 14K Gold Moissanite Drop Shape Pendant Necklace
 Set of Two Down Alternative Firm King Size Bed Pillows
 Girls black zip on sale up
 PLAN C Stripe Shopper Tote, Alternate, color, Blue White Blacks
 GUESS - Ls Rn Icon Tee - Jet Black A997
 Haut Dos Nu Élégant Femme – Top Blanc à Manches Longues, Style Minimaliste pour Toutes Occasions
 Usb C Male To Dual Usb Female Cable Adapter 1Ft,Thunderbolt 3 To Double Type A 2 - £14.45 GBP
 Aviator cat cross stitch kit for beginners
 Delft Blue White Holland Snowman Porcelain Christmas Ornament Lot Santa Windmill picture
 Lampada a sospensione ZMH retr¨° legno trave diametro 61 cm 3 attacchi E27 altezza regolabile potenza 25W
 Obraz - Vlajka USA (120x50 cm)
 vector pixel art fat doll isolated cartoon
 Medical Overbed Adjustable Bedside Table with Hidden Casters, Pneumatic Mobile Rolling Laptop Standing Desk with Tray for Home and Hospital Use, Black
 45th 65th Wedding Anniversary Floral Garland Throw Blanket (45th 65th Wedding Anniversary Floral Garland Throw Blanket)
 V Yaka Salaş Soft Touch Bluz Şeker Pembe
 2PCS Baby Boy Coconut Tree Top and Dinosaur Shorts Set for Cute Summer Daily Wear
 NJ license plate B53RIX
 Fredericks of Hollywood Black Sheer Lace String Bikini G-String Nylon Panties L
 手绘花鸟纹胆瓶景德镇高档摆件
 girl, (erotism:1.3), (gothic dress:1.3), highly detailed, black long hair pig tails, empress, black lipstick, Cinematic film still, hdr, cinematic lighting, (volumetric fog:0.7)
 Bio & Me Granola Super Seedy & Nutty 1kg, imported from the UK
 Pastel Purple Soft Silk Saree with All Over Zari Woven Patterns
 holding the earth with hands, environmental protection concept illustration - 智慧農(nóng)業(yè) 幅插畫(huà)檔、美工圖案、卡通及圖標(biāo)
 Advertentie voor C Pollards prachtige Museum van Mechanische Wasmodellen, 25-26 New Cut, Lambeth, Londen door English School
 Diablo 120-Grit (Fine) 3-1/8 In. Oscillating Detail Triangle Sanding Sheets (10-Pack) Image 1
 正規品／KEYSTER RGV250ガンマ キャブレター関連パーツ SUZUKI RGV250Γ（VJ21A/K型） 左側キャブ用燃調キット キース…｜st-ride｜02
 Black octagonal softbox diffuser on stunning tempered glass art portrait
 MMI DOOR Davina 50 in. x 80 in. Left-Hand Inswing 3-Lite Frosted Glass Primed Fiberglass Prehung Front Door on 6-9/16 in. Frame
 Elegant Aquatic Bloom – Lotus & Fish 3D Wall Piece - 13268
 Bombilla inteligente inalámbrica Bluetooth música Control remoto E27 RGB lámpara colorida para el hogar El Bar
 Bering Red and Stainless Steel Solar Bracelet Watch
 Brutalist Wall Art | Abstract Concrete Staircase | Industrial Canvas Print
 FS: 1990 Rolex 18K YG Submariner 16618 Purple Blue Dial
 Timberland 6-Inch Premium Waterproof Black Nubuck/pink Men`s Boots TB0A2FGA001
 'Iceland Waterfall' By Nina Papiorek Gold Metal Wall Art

Task
From the line with "FS: 1990 Rolex" through the final line of the records, return each line exactly. Leave out the rest.

Result of the task
 FS: 1990 Rolex 18K YG Submariner 16618 Purple Blue Dial
 Timberland 6-Inch Premium Waterproof Black Nubuck/pink Men`s Boots TB0A2FGA001
 'Iceland Waterfall' By Nina Papiorek Gold Metal Wall Art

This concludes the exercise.